I think one of the biggest things we’ve lost as humans by always having a smartphone to hand is the need to read crap magazines to pass the time when we’re waiting for an appointment. While crap magazines might not seem an obvious loss to your life, there are some real gems to be had amongst the thousands of pages of drivel some poor sod has written to scrape a wage (that’s not an attempt at self-aware irony by the way, I write this crap for free).
Well, gems might be pushing it, but there are definitely odd things I’ve read in said publications that have stuck with me for far longer than they probably should have. For example: I distinctly remember reading an article several years ago stating that salted caramel is the food item that defines the 2010s; that by mixing two apparently opposed foodstuffs, you end up with something awesome and interesting.

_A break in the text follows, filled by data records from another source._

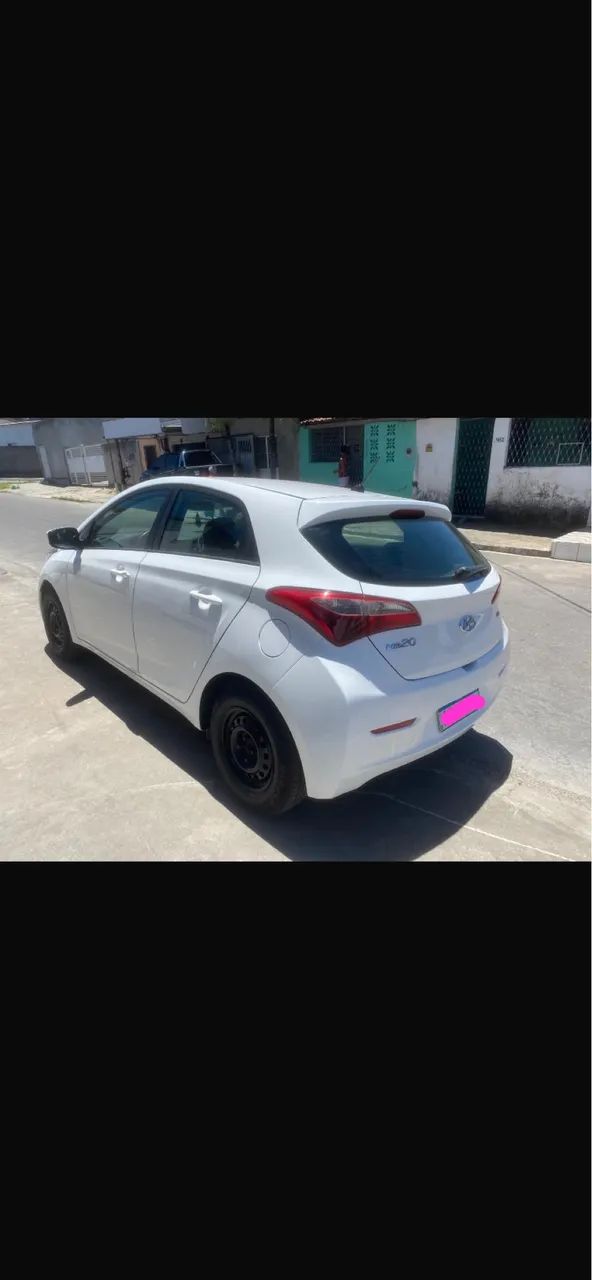 Hyundai HB20 Comf./c.plus/c.style 1.0 Flex 12V 2015 - Foto 2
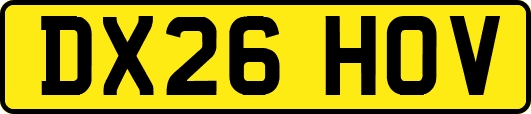 DX26HOV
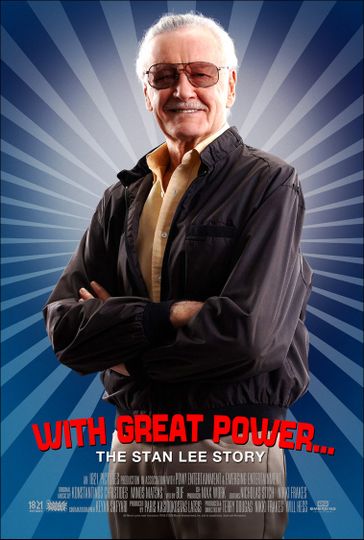 真正的信仰者：斯坦·李的故事 With Great Power: The Stan Lee Story Foto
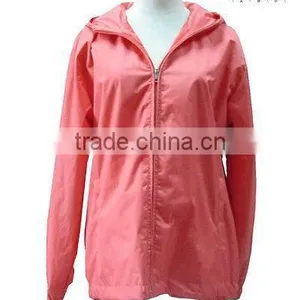 Women's Waterproof Hooded Raincoat thumbnail-1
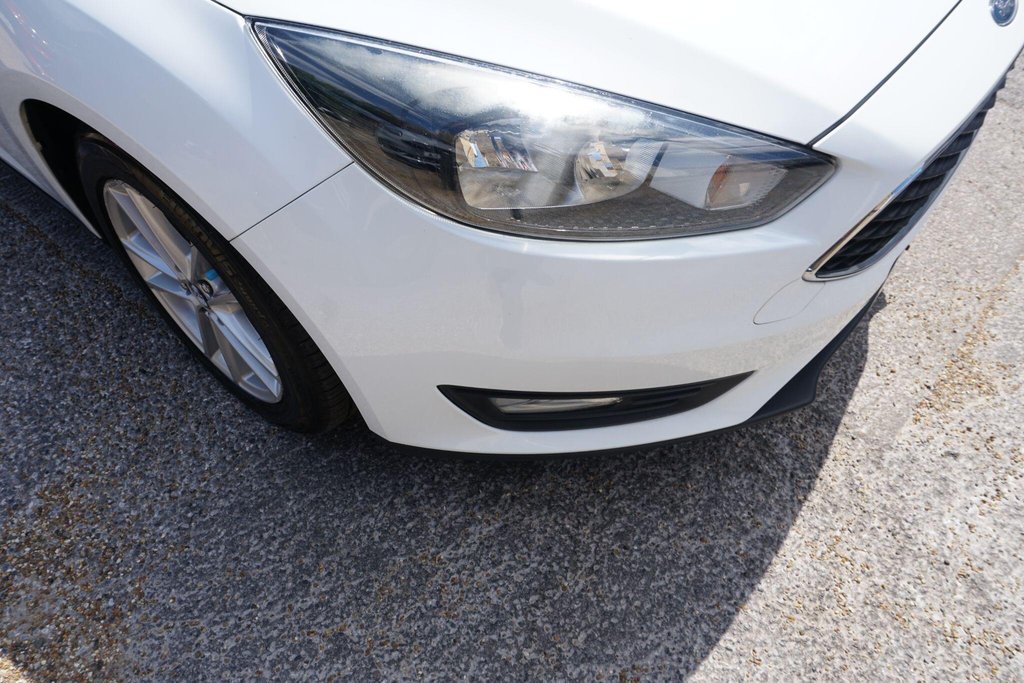 USED 2015 64 FORD FOCUS 1.6 TDCi Zetec Euro 5 (s/s) 5dr Â£20 ROAD TAX/JUST ARRIVED!!!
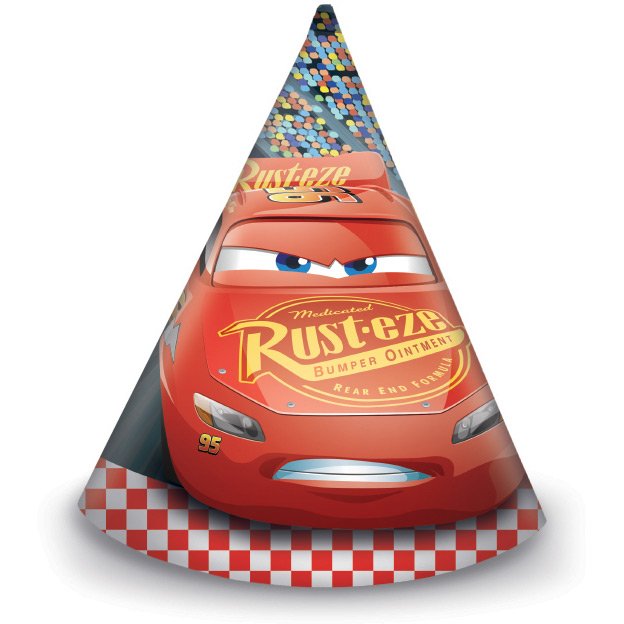 6 Chapeaux Cars 3 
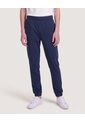 Niño-Pantalón Jogger Essential  Infantil Niño Azul Ostu de Ostu
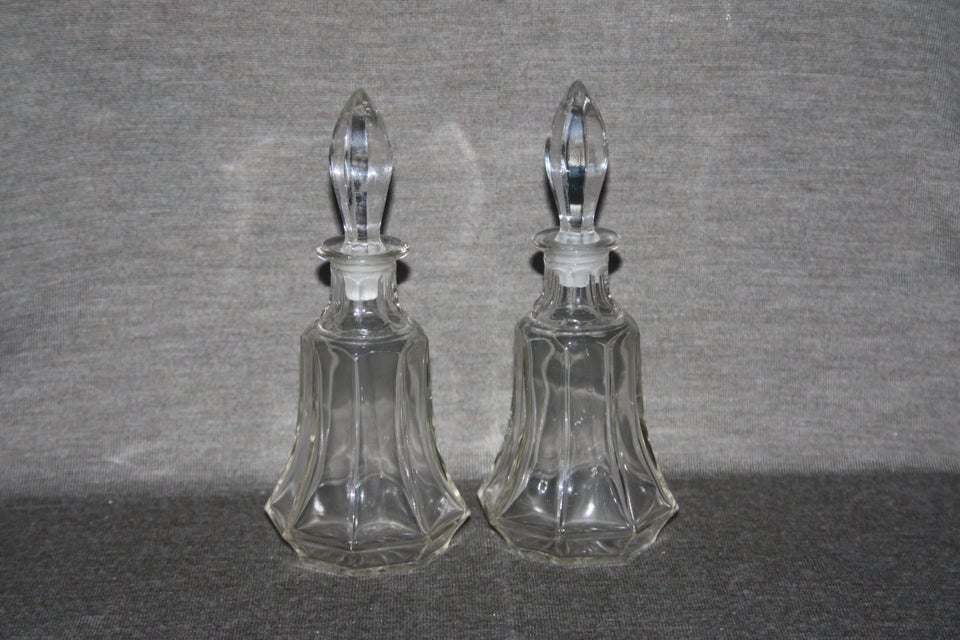 Glas, Parfume flaske / Parfume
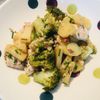 Poêlée de poulet, brocoli et pomme-de-terre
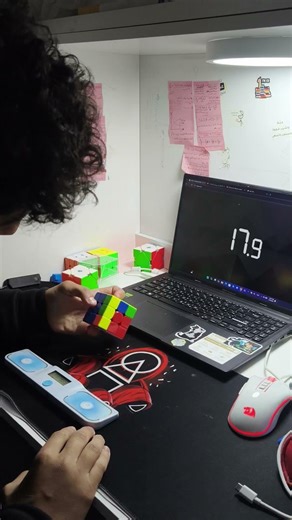 شو بدكم تحديات ثانيه 🫣🤧😂 #rubikscube #اهميه #اكسبلور #rubik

Which serendipitously brings us to Superlynx (I know, it takes a long time to get this slick), self-proclaimed psychedelic doomsters. Now, bands who claim to play psychedelic doom these days are ten a penny and I tend to take the claim with a pinch of salt as it so often just means generic doom dragged out for so long that there is a genuine, albeit slim, chance that you might start to hallucinate from sheer boredom. Superlynx on the other hand start from the doom basics and chuck so many other interesting and contrasting things into the mix that it genuinely does sound like something different.

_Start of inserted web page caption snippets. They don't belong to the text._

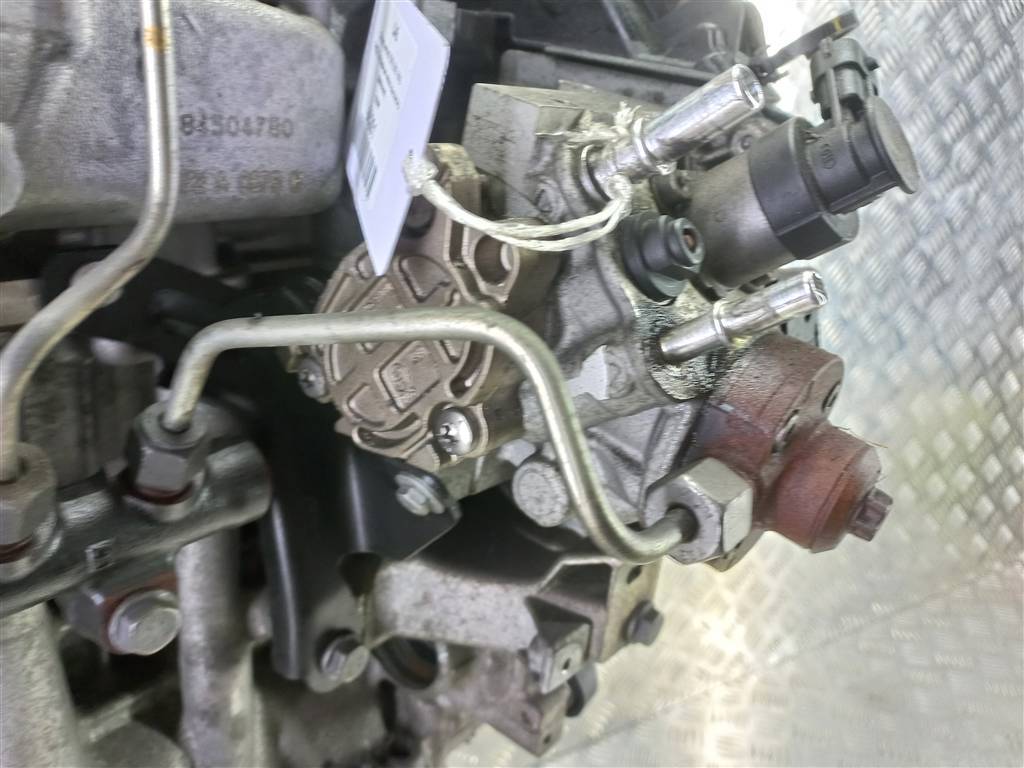 двигатель Citroen Jumpy  1607550180, 138400 рублей, Москва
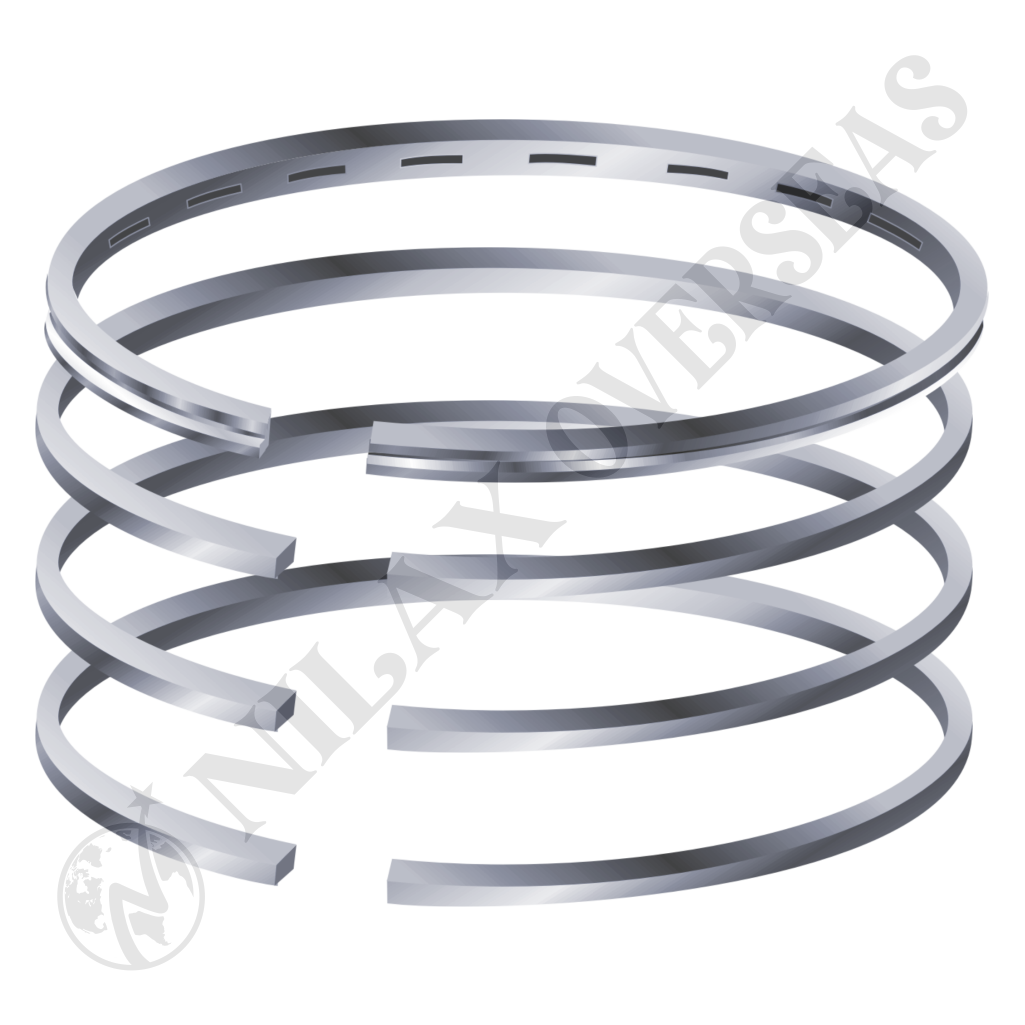 Lister Piston Ring Set 8 H.P. To 16 H.P.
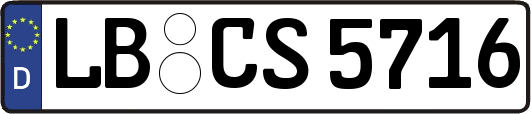 LB-CS5716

To cover the basics: Superlynx are a Norwegian four-piece (this album was recorded as a trio, but they’ve since added an additional guitarist) who’ve been around for a decade and have largely escaped my attention until now. I liked their Bandcamp summary which states: ‘The band exceeds genres with their distinct sound and melts doom, psych, meditative atmospheres and heavy droning rock together’ as, unusually for a Bandcamp summary, it seems pretty accurate.
While Into the Sun clearly has doom roots, it roams far into the realms of psychedelia and hypnotic ‘90s alt-rock…
Anyway, I picked this one up for review as, again serendipitously, I’d happened to hear the opening track Into the Sun on Bandcamp a few hours before receiving the list of the latest promos from Shaman Towers and it showcases everything that’s great about this record. Pia Isaksen, bassist and vocalist, is central to the band’s sound, laying down a tar-thick fuzzy groove with the bass and providing dreamy, ethereal vocals that form a perfect counterpoint.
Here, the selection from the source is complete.